If the HAL’s initialisation of Hardware Performance Counters establishes that the boot processor is from Intel, has at least some support for Performance Monitoring Counters, and that this support is not masked from Windows by a Microsoft-compatible hypervisor, the HAL chooses the Emon profile interface. The name Emon appears to come from Intel’s manuals, apparently standing for Event Monitoring.

Initialisation

The cpuid leaf for learning about profiling is 0x0A. The low byte returned in eax is the “version ID of architectural performance monitoring” and is known already to be at least 1. The HAL saves this but is not known to make any use of it (nor any, yet, of the fixed-function performance counters that Intel documents as being supported if the version is greater than 1). The middle bytes in eax tell how many general-purpose performance monitoring counters are supported by each logical processor and how wide, in bits, are those counters. The high byte in eax tells how many bits are meaningful in ebx. Each bit that is both meaningful and clear confirms that a corresponding performance event is available. It is already known that at least the first bit is meaningful and clear. Depending on those bits in ebx, some performance events that the Emon profile interface might support instead become unsupported.

Profile Sources

For the purpose of interaction with the kernel, and indeed all the way to user mode through such functions as NtCreateProfile and NtCreateProfileEx, these performance events are abstracted as profile sources, represented numerically by a KPROFILE_SOURCE enumeration. Microsoft’s public definition of this enumeration goes only to 0x18 as ProfileMaximum, presumably having covered sources that are anticipated for arbitrary processor architectures. The Emon profile interface in the HAL from the original release of Windows 10 supports the following:

Value Name EBX Bit Select
0x00 ProfileTime   0x0003003C
0x02 ProfileTotalIssues 1 0x000300C0
0x06 ProfileBranchInstructions 5 0x000300C4
0x0A ProfileCacheMisses 4 0x0003412E
0x0B ProfileBranchMispredictions 6 0x000300C5
0x13 ProfileTotalCycles 0 0x0003003C
0x19 ProfileUnhaltedCoreCycles 0 0x0003003C
0x1A ProfileInstructionRetired 1 0x000300C0
0x1B ProfileUnhaltedReferenceCycles 2 0x0003013C
0x1C ProfileLLCReference 3 0x00034F2E
0x1D ProfileLLCMisses 4 0x0003412E
0x1E ProfileBranchInstructionRetired 5 0x000300C4
0x1F ProfileBranchMispredictsRetired 6 0x000300C5

Microsoft’s names for values below 0x19 are known from the enumeration’s C-language definition in WDM.H from the Windows Driver Kit (WDK). Presumably, the values from 0x19 and higher are omitted from that definition because they are processor-specific and the definition is meant to be general. Names for the Emon-specific profile sources are inferred from descriptive strings in the HAL, which can be obtained even from user mode through ZwQuerySystemInformation when given the information class SystemPerformanceTraceInformation (0x1F) and the secondary information class EventTraceProfileSourceListInformation (0x0D) as the first dword in the information buffer. For the values that Microsoft names in KPROFILE_SOURCE, each name is this descriptive string but with Profile as a prefix. Extrapolation of this relationship to the extra values seems at least a reasonable guess.

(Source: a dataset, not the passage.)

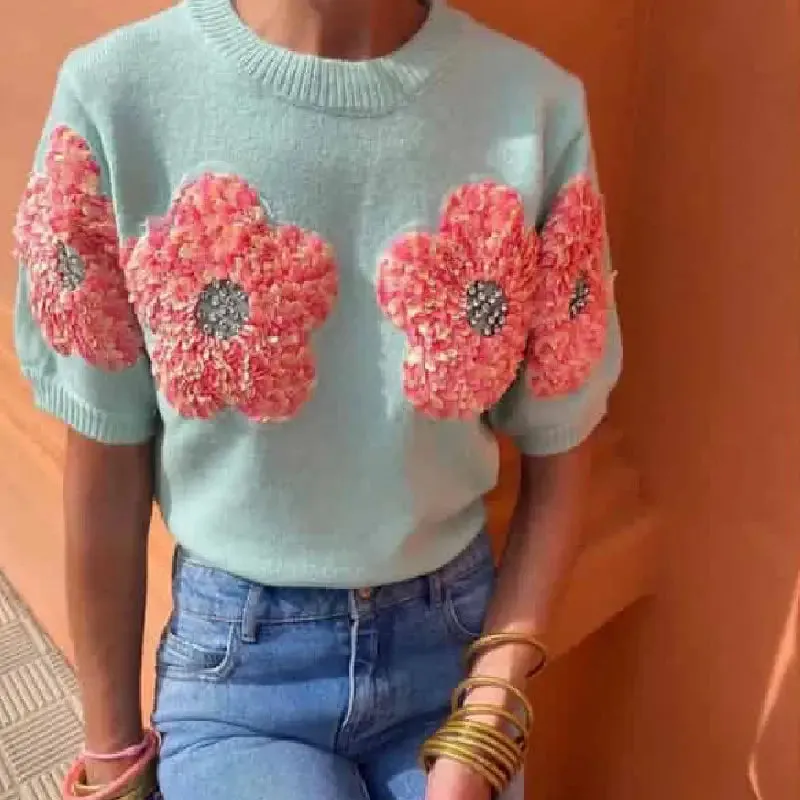 3D Knitted Flower Short Sleeve Sweater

For each profile source other than ProfileTime, which is handled by a separate mechanism, if the corresponding bit shown in the column headed EBX Bit is either not meaningful according to the high byte that cpuid leaf 0x0A returned in eax or is set in what the same cpuid leaf returned in ebx, then the profile source becomes regarded as unsupported.

There also corresponds to each profile source a value that must be loaded into a Performance Event Select Register to, well, select the corresponding performance event. Each Performance Event Select Register is a model-specific register beginning at 0x0186, one for each counter that cpuid leaf 0x0A declared. The counters themselves are the model-specific registers beginning at 0xC1. Initially, the Emon profile interface loads zero into each of the declared Performance Event Select Registers.

Note that the Emon-specific profile sources 0x19 to 0x1F are the complete set and are even arranged in ascending order of the EBX Bit that indicates their support. The generally defined profile sources, numbered below 0x19, that the Emon profile interface can support are just those that map to Emon-specific profile sources. The mapping is not one-to-one. Though most of the apparently Emon-specific profile sources are more readily available as architectural sources below 0x19, there are two exceptions: whatever use numbers 0x1B and 0x1C may be, they are available only to those in the know. LLC, by the way, stands for Last Level Cache.

For the sake of completeness, note that the Emon profile interface requires 8 bytes of memory per counter per processor. The number of counters per processor is known from cpuid, as explained above. The number of processors is not known at the time and anyway can change. The HAL allows for the maximum possible number of registered processors, the meaning of which is a small topic in itself. Failure to get the memory, which is almost unthinkable, causes all profile sources to be treated as unsupported.